Instruction for the entries that follow: retype exactly the lines from the line with "Y ahora hacen" to the line with "Vale Cinco</a> <a", both included, and omit all others.

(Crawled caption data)
——————

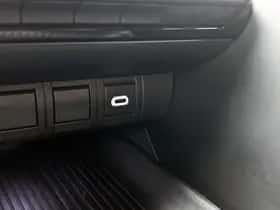 Toyota C-HR (2025) thumbnail 23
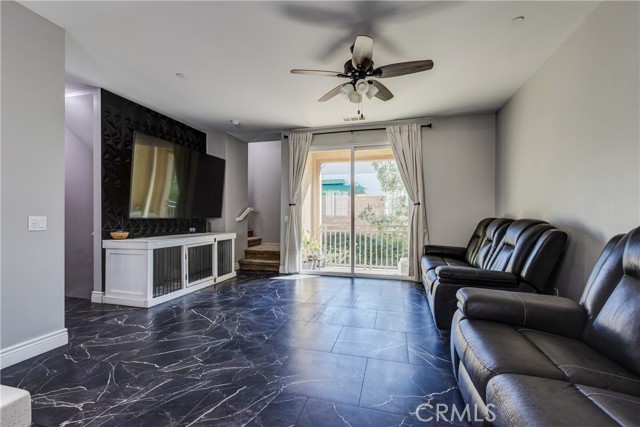 Detail Gallery Image 19 of 44 For 625 Savi Dr #102,  Corona,  CA 92878 - 3 Beds | 3/1 Baths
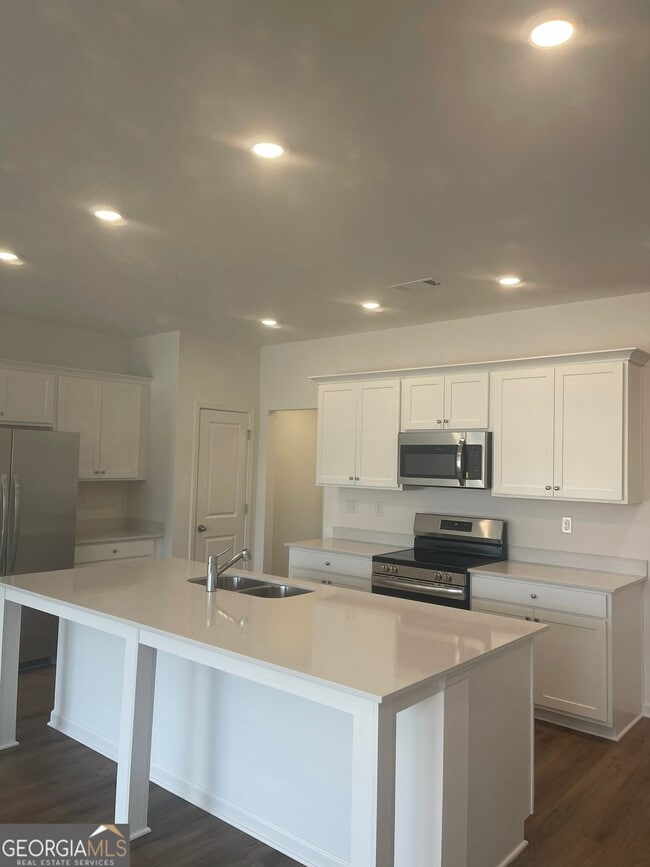 Photo - 109 Milledge Cmns Dr NE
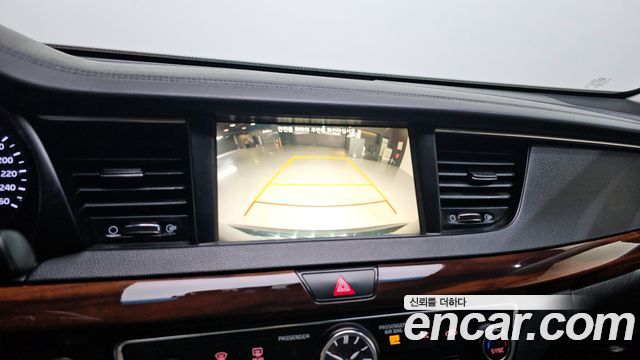 Kia K7 2016 — photo 18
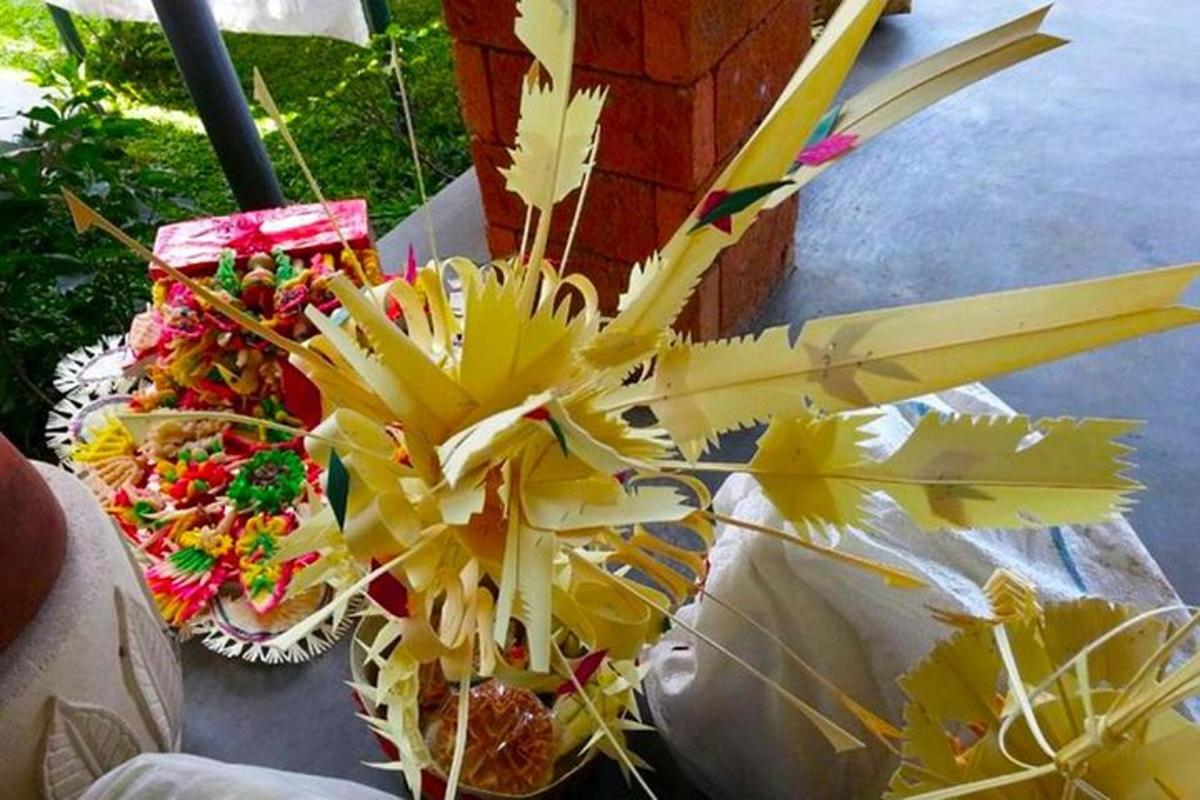 een vaas gevuld met gele bloemen op een tafel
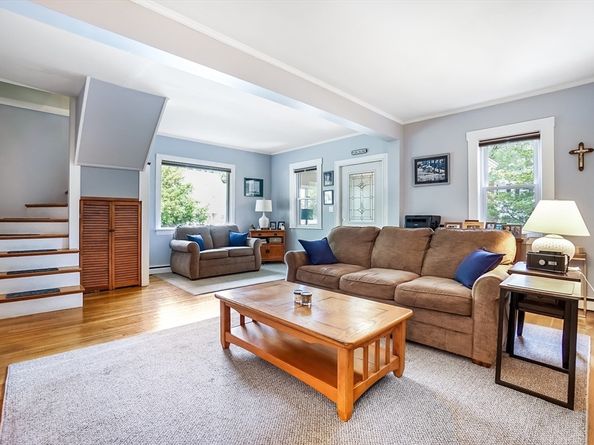 38 Van Vechten Street, Waltham MA 02452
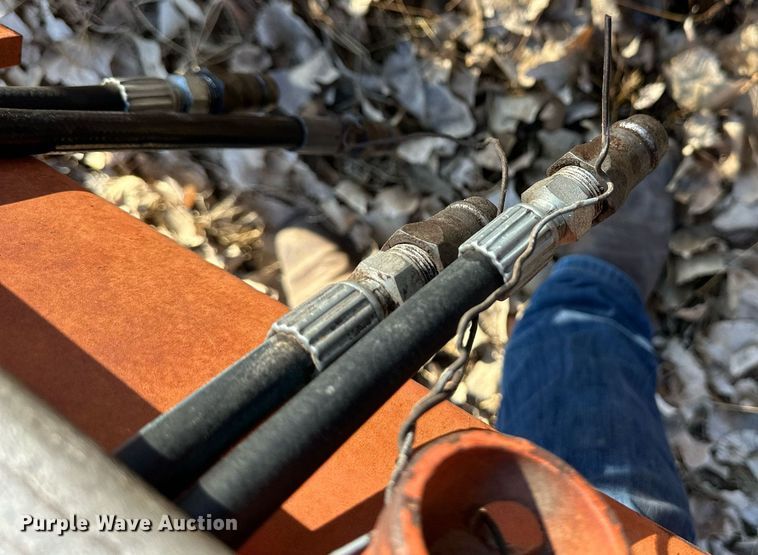 image for item ER8710 Sunflower 3671 sweep plow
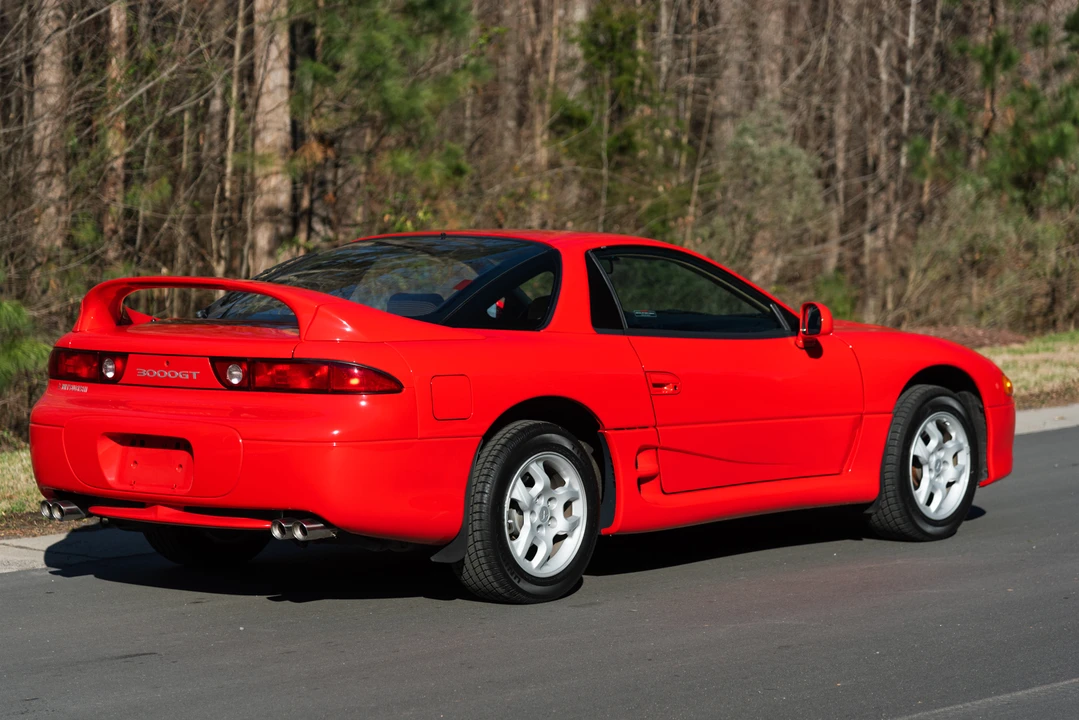 1998 Mitsubishi 3000GT Series 3 - Image 9 of 31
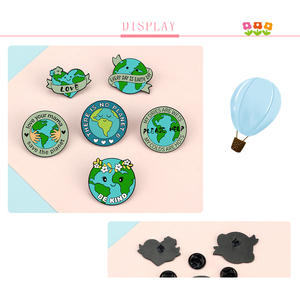 Spilla smaltata a forma di cuore verde 'Amo la Mamma Terra', distintivo ecologico per giacca in denim, spilla a tema natura - Product Image 1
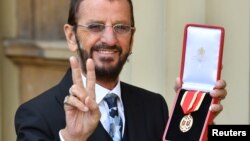 Ringo Starr, cuyo verdadero nombre es Richard Starkey, posa tras haber sido investido Caballero durante una ceremonia en el Palacio Buckingham. Londres, marzo 20 2018. 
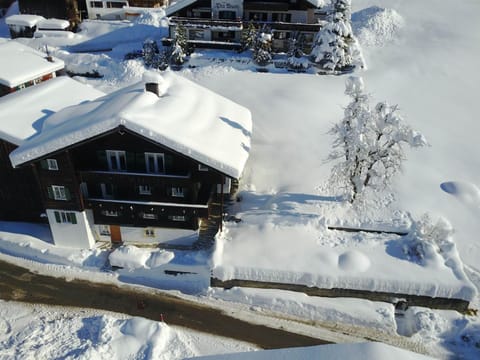 Property building, Winter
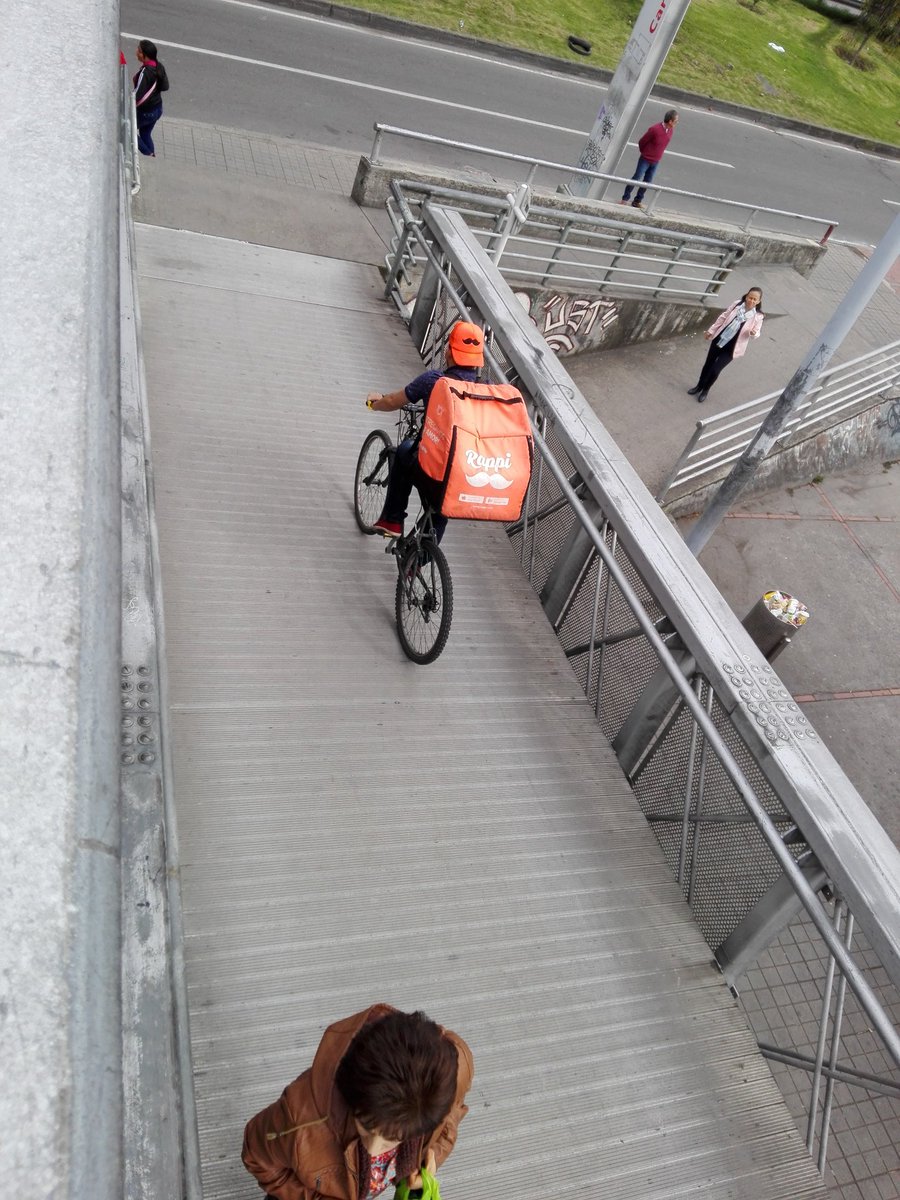 Señores <a href="/RappiColombia/">Rappi Colombia</a> sus domiciliarios no usan casco, no usan los bicicarriles, se pasan semáforoa en rojo....
Y ahora hacen carreras en.los puentes peatonales?
<a href="/levalecinco/">Le Vale Cinco</a> <a href="/cazainfractor/">cazainfractores</a> <a href="/SectorMovilidad/">Movilidad Bogotá</a> <a href="/Mejortransito/">Denuncie Infractor</a>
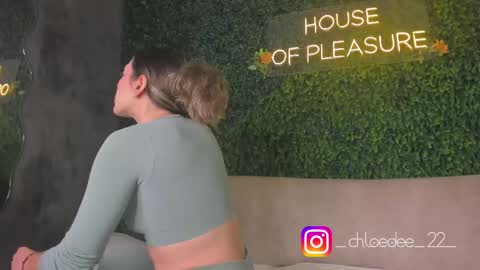 Chloe online show from October 11, 12:36 pm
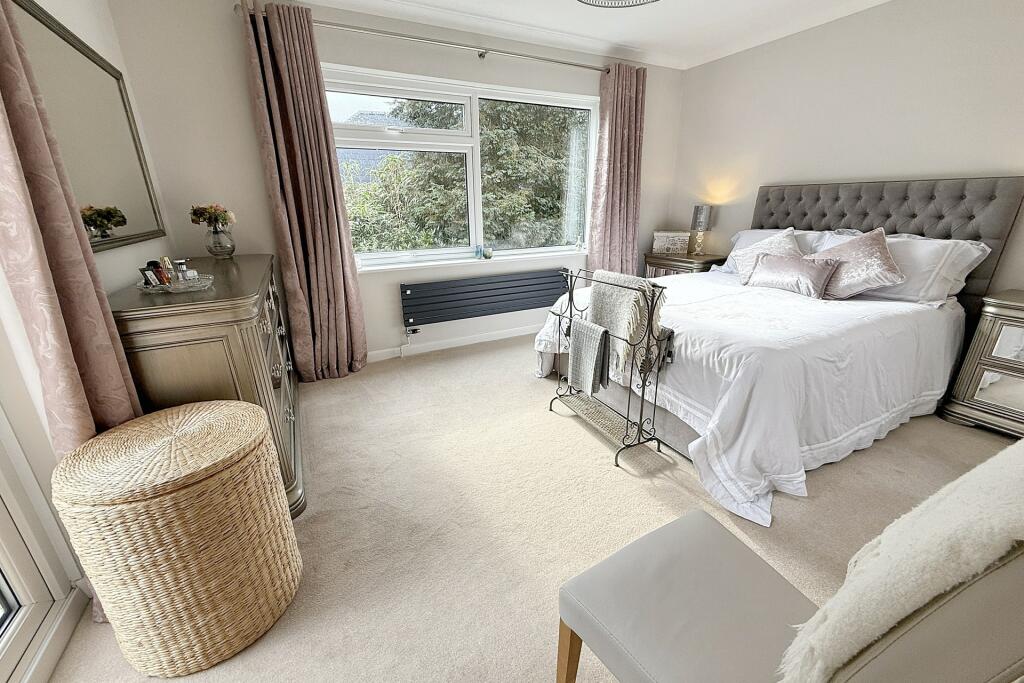 Additional property image - Golf Links Road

——————

Response below:
Y ahora hacen carreras en.los puentes peatonales?
<a href="/levalecinco/">Le Vale Cinco</a> <a href="/cazainfractor/">cazainfractores</a> <a href="/SectorMovilidad/">Movilidad Bogotá</a> <a href="/Mejortransito/">Denuncie Infractor</a>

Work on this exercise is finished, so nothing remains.